As far as I can tell this church no longer exists. Well in Washington DC. Not anymore.
The reason why I’m typing this up is because someone. I can’t say who. Annoyingly has a lot of personal chaff included in federal records. Some of that chaff, provides glimpses of a life partially lived at Rhode Island and North Capitol streets. The person in question was white, college educated, married and is currently very dead. He was the head, for a number of years of a Federal agency. He resided in various parts of Alexandria during the 40s and 50s. And he went to church in Edgewood? Eckington?
His church home was the Evangelical Lutheran Church of the Atonement.

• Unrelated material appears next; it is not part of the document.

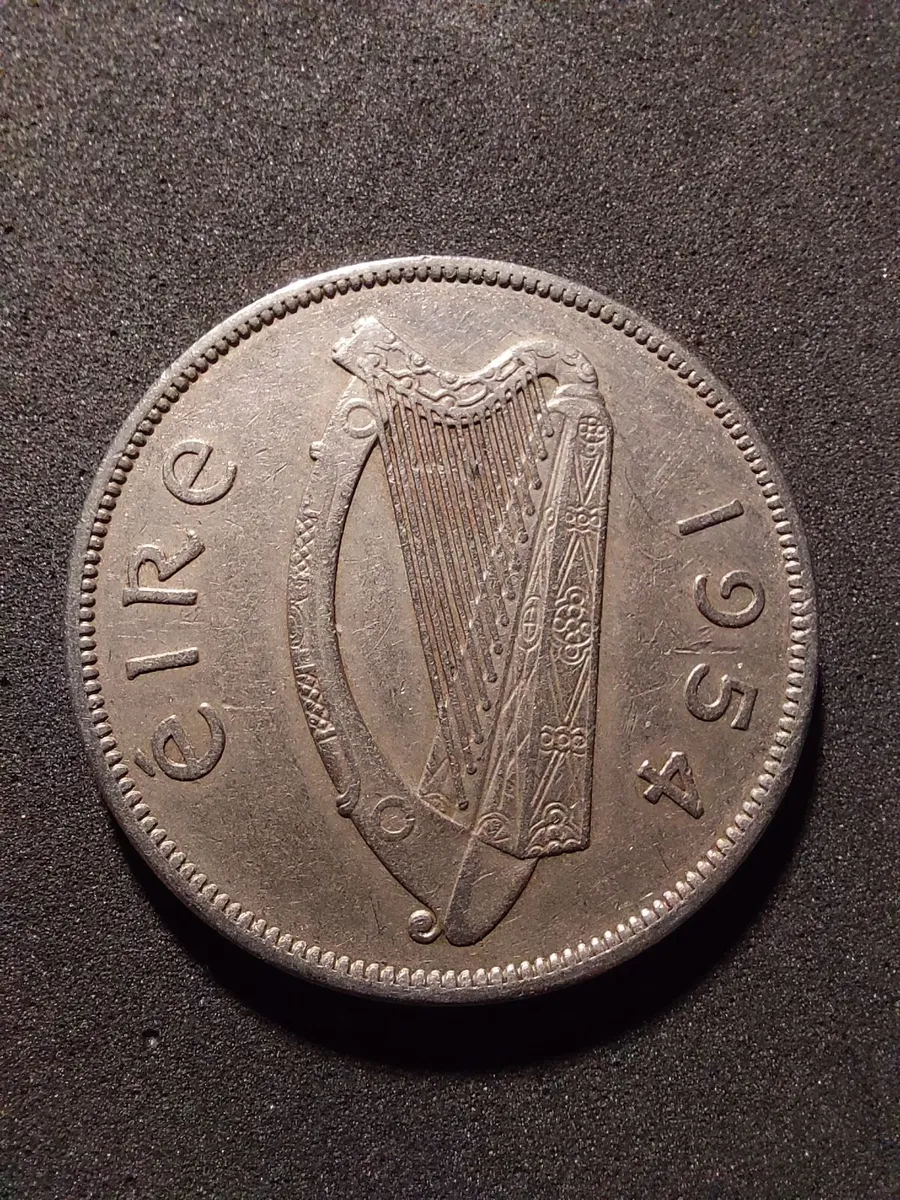 1954 Ireland Half Crown - Image 2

I can tell because of other chaff and detritus left behind, such as church programs, pledge statement, and Lutheran publications.
What does this stuff, which personally we should really throw out our own light and gas bills at least 5 years after they’ve been paid, tell me about a ELCotA parishioner? Apparently you didn’t have to live near the church. You could just drive in from Alexandria, worship in DC and I guess go to the office. Because seriously, how does this stuff wind up in your working files?
Anyway, commuting church goers aren’t new and we still deal with them to this day. I just hope none are not the head of a government agency and have a habit of stuffing church crap in their office files.

Scraps of DC History- RLA

If I ever, ever, which looks like not at all on my current path, write a history of urban renewal from the neighborhood perspective in Washington, DC I will have to include the District of Columbia Redevelopment Agency (RLA). According to the US Government Organization Manual the RLA was:

Created by act of Aug 2, 1946 (60 Stat. 790), to provide for replanning, rebuilding, and rehabilitation of slum and blighted areas in the District of Columbia. The District of Columbia Self-Government and Governmental Reorganization Act of Dec 24, 1973 (87 Stat. 774), established the agency as an instrumentality of the District of Columbia government, effective July 1, 1974

A post war agency to deal with slums turned into something that helped with the destruction of SW. Which who knows, may have needed destroying in parts, but not to the extent it did with the SW Urban renewal in the 50s and 60s.